Ринальди продолжает пялиться на меня не мигая, так что я решаю ему рассказать про Пташку и моего старика. Мне приходит в голову, что эта история может пояснить, что я имею в виду. Вообще-то кто знает: может, если мне вздумается прочесть по памяти таблицу умножения, Ринальди проглотит и это.
Тот отрезает еще по куску пирога и наливает еще по кружке чая. Вы можете в это поверить? Чай! Просто с ума сойти. Еще полгода назад никто не сумел бы меня убедить, что этот парень не педик.
Если ехать с Лонг-лейн по направлению к Шестнадцатой улице, то где-то на полпути находилась площадка, где стояли бэушные автомобили. Каждую пятницу, когда подходило время сдавать книги в библиотеку, мы с Пташкой отправлялись туда ближе к вечеру и по дороге обязательно останавливались поглазеть на машины. Мы с Пташкой просто сходили с ума по моторам. Сами по себе авто нас не слишком-то волновали — Птаха, представьте себе, даже клялся, что не сидел за рулем ни разу, — нас жутко интересовало, как у них работает двигатель. Нам уже довелось покопаться кое в каких двигателях — например, в моторчиках для авиамоделей, в моторе от раскуроченного мотороллера и, наконец, мы как-то раз чинили мистеру Хардингу его газонокосилку.
Мой старик покупал каждый год новый автомобиль и всегда ставил его перед домом — смотрите, мол, каков я. Мне приходилось его мыть и вообще наводить на него марафет по крайней мере раз в неделю. Обычно Птаха мне помогал. Мы с ним перечитали все прилагавшиеся инструкции и руководства. Отец всегда покупал «де-сото», потому что у этой шайки было представительство в Филадельфии — так что, поторговавшись, можно было получить машину почти даром. Брат моей матери — один из самых больших пройдох во всей Филадельфии, так вот он ему это и устраивал. Мы были единственной семьей на весь квартал, которая могла похвастать чем-то, напоминающим новый автомобиль. А Пташкины родители даже и водить-то не умели. Его отец приезжал в школу на школьном автобусе.

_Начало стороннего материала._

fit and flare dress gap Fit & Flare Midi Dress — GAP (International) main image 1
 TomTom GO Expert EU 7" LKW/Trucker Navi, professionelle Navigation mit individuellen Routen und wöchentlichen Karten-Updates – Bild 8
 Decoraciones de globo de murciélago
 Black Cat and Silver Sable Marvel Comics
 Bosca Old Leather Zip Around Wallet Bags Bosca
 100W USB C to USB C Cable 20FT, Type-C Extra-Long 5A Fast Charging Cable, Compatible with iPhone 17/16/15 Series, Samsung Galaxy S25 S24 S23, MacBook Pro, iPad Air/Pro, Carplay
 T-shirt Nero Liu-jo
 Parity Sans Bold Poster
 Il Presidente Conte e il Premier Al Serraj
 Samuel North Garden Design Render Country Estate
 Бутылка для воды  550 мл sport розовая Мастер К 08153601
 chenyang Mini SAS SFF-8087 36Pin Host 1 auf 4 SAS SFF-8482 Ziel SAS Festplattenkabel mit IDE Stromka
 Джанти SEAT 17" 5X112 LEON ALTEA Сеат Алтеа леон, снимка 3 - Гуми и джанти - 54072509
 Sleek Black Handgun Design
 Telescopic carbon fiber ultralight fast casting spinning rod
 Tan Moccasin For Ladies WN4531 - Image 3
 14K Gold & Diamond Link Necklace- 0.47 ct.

Как бы то ни было, но мы с ним чистили свечи и отлаживали зажигание, регулировали карбюратор и зачищали контакты гораздо чаще, чем это требовалось. Мы содержали двигатель в такой чистоте, какую увидишь разве что на выставке в автосалоне.
Мы с Пташкой частенько туда наведывались. Мы помнили, сколько у какой автомашины лошадиных сил, какое у каждой передаточное число, какой ход поршня и какой объем цилиндров. Что он, что я могли узнать почти любую модель по одному только звуку работающего мотора, даже не видя саму машину.
Однажды в пятницу вечером мы, как всегда, ошивались возле этих подержанных автомобилей и увидели там прямо-таки фантастическую машину. Это был «штуц беркет» пятнадцатого года выпуска. Ума не приложу, как он туда попал. Он был не на ходу, и шины спущены. Шварц — так звали парня, который крутил там свой бизнес, — рассказал, что притащил эту машину на буксире после того, как заплатил за нее двадцать пять баксов кому-то, кто купил у него «додж» тридцать восьмого года. Мы с Пташкой все не могли ни оторваться от этого авто, ни выкинуть его из головы. Постоянно хотелось его погладить. У него был восьмицилиндровый двигатель, а к тому же и кузов был в отличном состоянии. Мы торговались недели две и сошлись на тридцати долларах; еще в три доллара нам встала буксировка до нашего гаража. Старик разрешил нам пользоваться гаражом до зимы, пока не станет слишком холодно и уже нельзя будет оставлять его машину перед домом.